Overdonderd door dit ongebruikelijke aangezicht, na urenlang enkel de vlakte van een oceaan te hebben gezien, maakte het meisje van Maandag met ingehouden adem een wandeling door het park in het onbekende land.
Eigenlijk was het geen park. Een park behoorde netjes en ordelijk te zijn. Daar was het gras gemaaid en de heggen gesnoeid. Elke boom groeide niet zomaar ergens, daar was van te voren al over nagedacht. Waar de schipper zonder schip nu doorheen liep was geen park maar een wild woud, chaotisch maar daarom niet minder mooi.
In een park had men echter alle reden om zich op zijn gemak te voelen, want er waren altijd veel mensen in de buurt en de sfeer was er gezellig.
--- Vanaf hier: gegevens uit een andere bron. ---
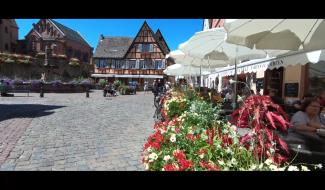 Eguisheim : carte postale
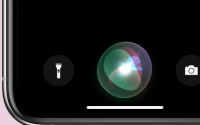即使在选择退出后iOS15错误也会共享一小部分Siri录音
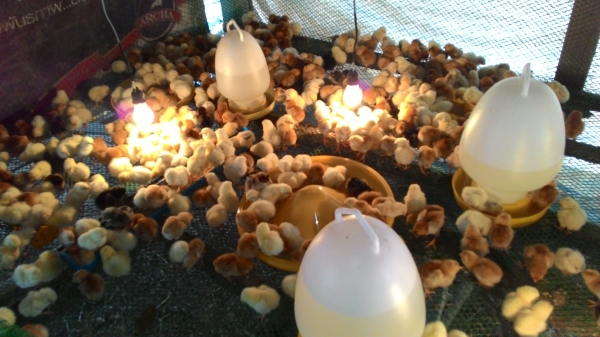 ขายลูกไก่ไข่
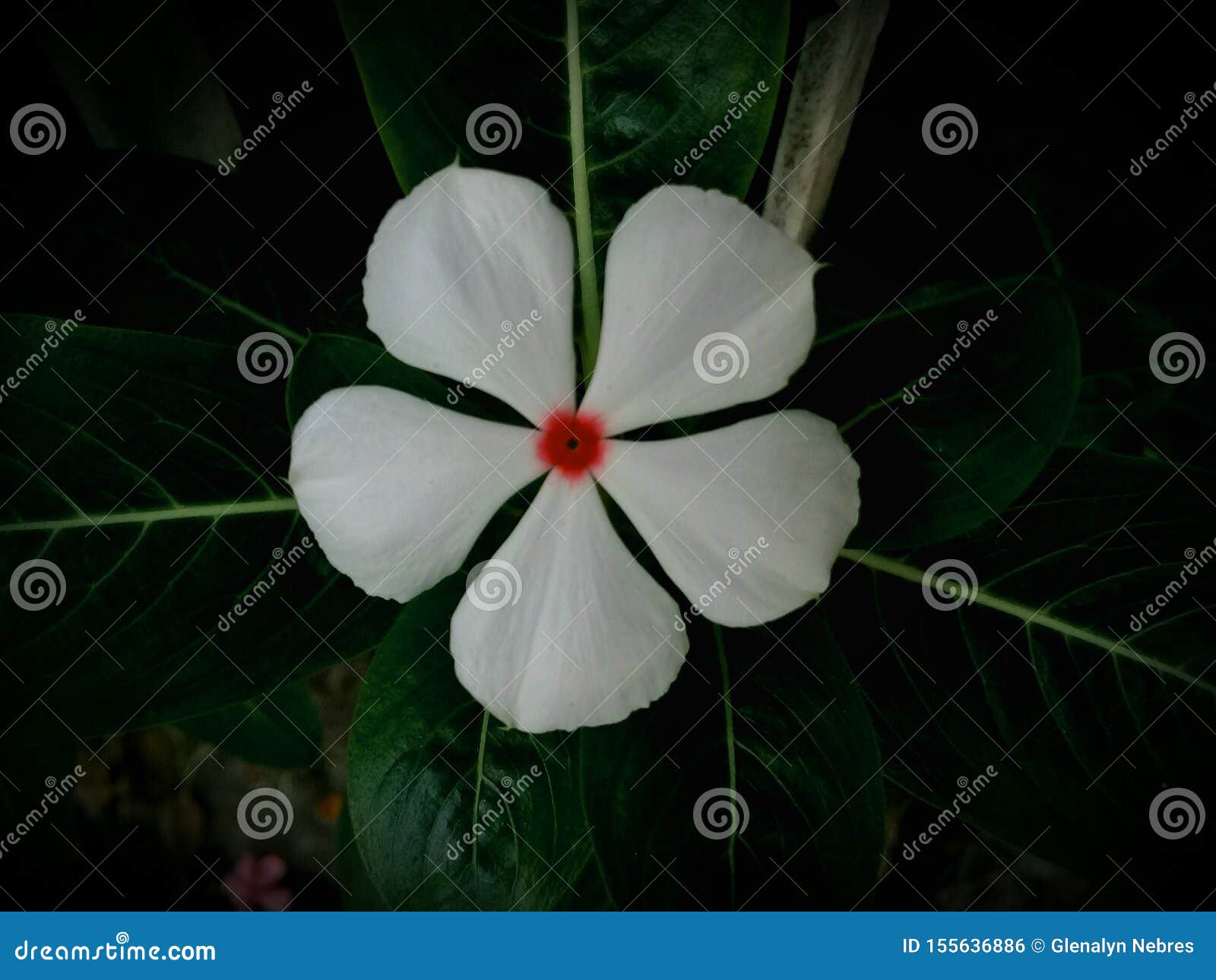 White Beautiful Flower with Red on the Center Stock Photo Image of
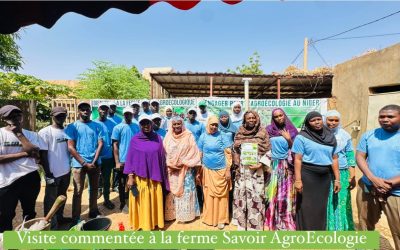 À la découverte de l’agroécologie : immersion à la ferme Savoir Agroécologie avec le RJNCC Niger”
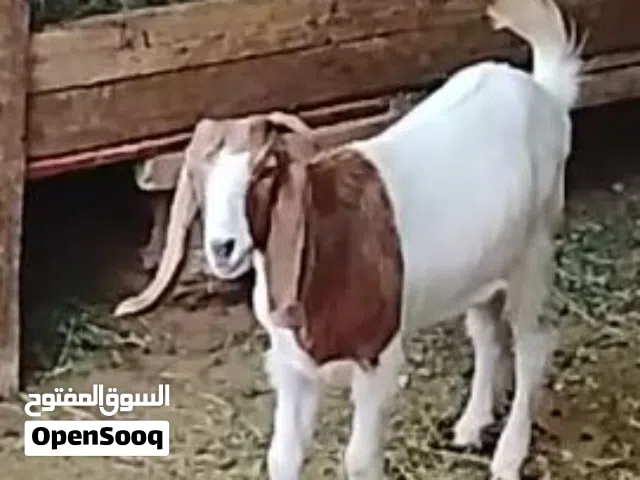عناق اوجدي للبيع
Maar in een woud kon je nooit weten wat of wie je tegen kwam en gezellig was het er al helemaal niet, eerder griezelig.
Meisje Maandag was bang, ze huiverde even bij het idee dat ze zomaar opeens voor een… voor een… tja, voor wat eigenlijk kon komen te staan? Het idee dat ze niet eens wist waar ze bang voor moest zijn maakte haar alleen maar angstiger.
Stel dat ik nu eens een… een… dacht het meisje met het zweet op haar voorhoofd, een of andere griezel tegenkom, zoals…
‘Een rups?’ riep ze verbaasd uit.
Half verscholen achter een groot blad zag het meisje duidelijk het onderlijf van een grote dikke rups.